The aim of our pipeline structure is to abstract out as much repetitive code as possible. A pipeline is defined by a YAML config file, which only requires three inputs: The location of your model definitions model_library, the location to save/load your artifacts artifact_library, and the stages of the pipeline stage_list. An example stage list is

- {set: GNN, name: SliceCheckpointedResAGNN, config: train_gnn.yaml}

The set key defines the type of ML model (to help avoid naming ambiguity), the name key is the class of the model, and the config key is the file specifying your choice of hyperparameters, directories, callbacks and so on. And that's it!
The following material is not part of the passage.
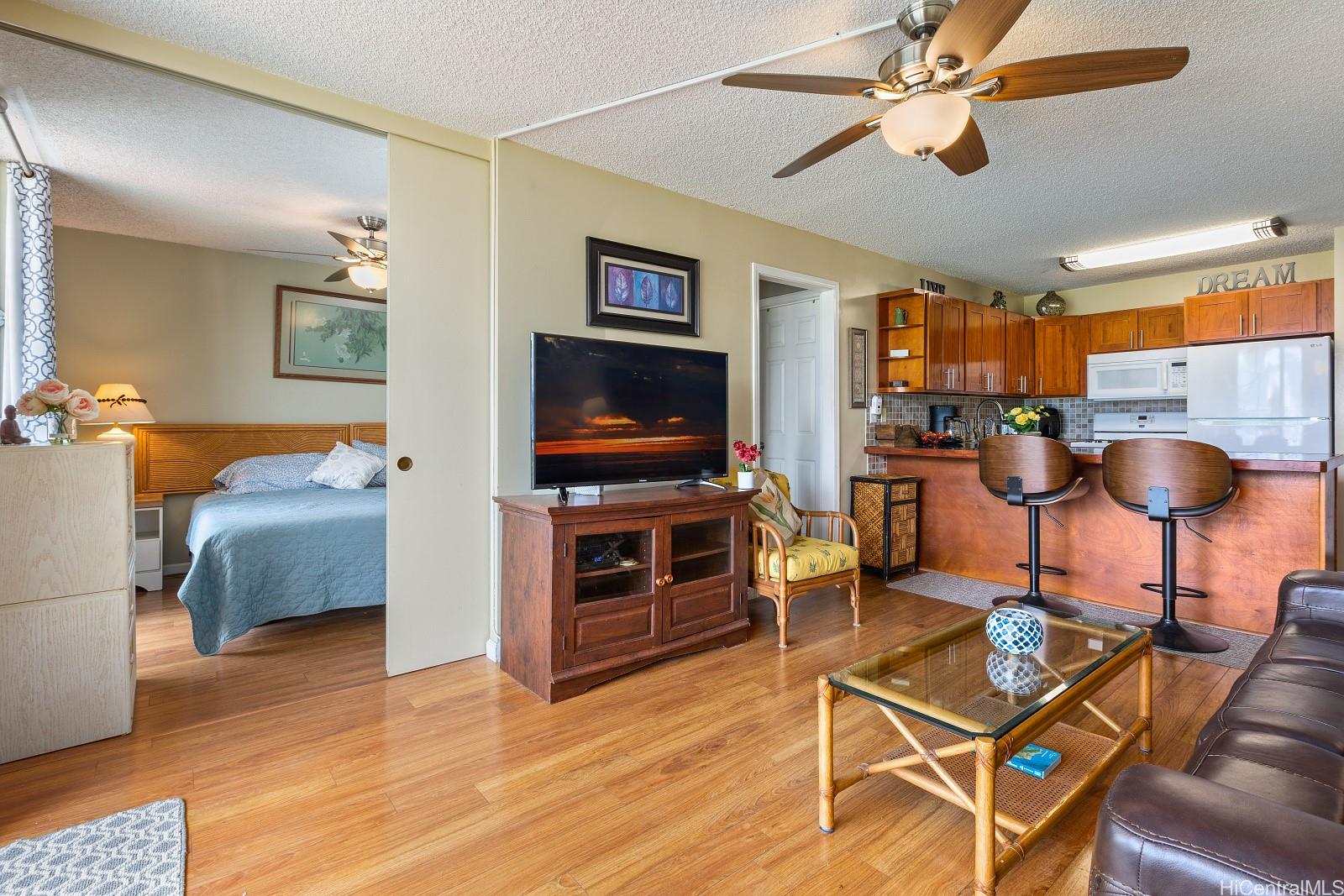 Waikiki Lanais condo # 908, Honolulu, Hawaii - photo 5 of 19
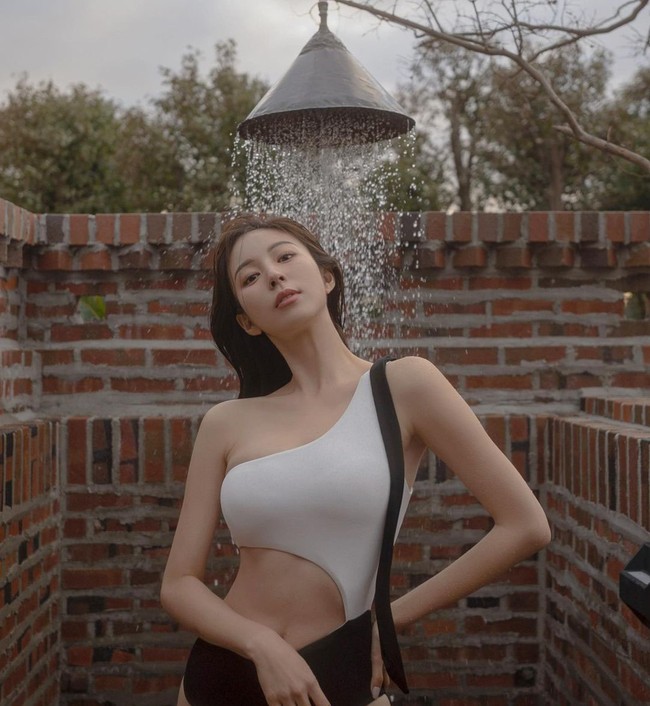 Begini penampilannya saat menjalani pemotretan di Bali.Foto: Instagram @wanna._b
The repository through an application lens, using Pipelines for specific physics goals

Why this choice of abstraction?

I found that my two forms of R&D fell into breadth and depth. Much of the time, I would play at length with hyperparameters and model definitions, in which case I want that all to live in one place: The model's config file. Thus the pipeline config can remain untouched if we have one for each choice of (model, config) , or only changed occasionally if we choose to have only one. At other times, development would require a series of models, where successive results depend on hyperparameter choices earlier in the chain. Then I can play with the higher level pipeline config and try difference (model, config) stages, while the whole chain of hyperparameters is committed to each step via a logging platform (Weights & Biases in my case).

Pytorch Lightning

This repository uses Pytorch Lightning, which allows us to encapsulate all training and model logic into a module object. This module is what is being specified by the pipeline config, with name. Combined with callbacks in the model config file, all pipeline logic is contained in each module. A callback object integrates with the module and knows about telemetry and post-processing steps. Rather than a monolithic function that passes data through the pipeline (whereby mistakes could be made), the pipeline asks each model how it should be treated, and then acts with the model's own methods.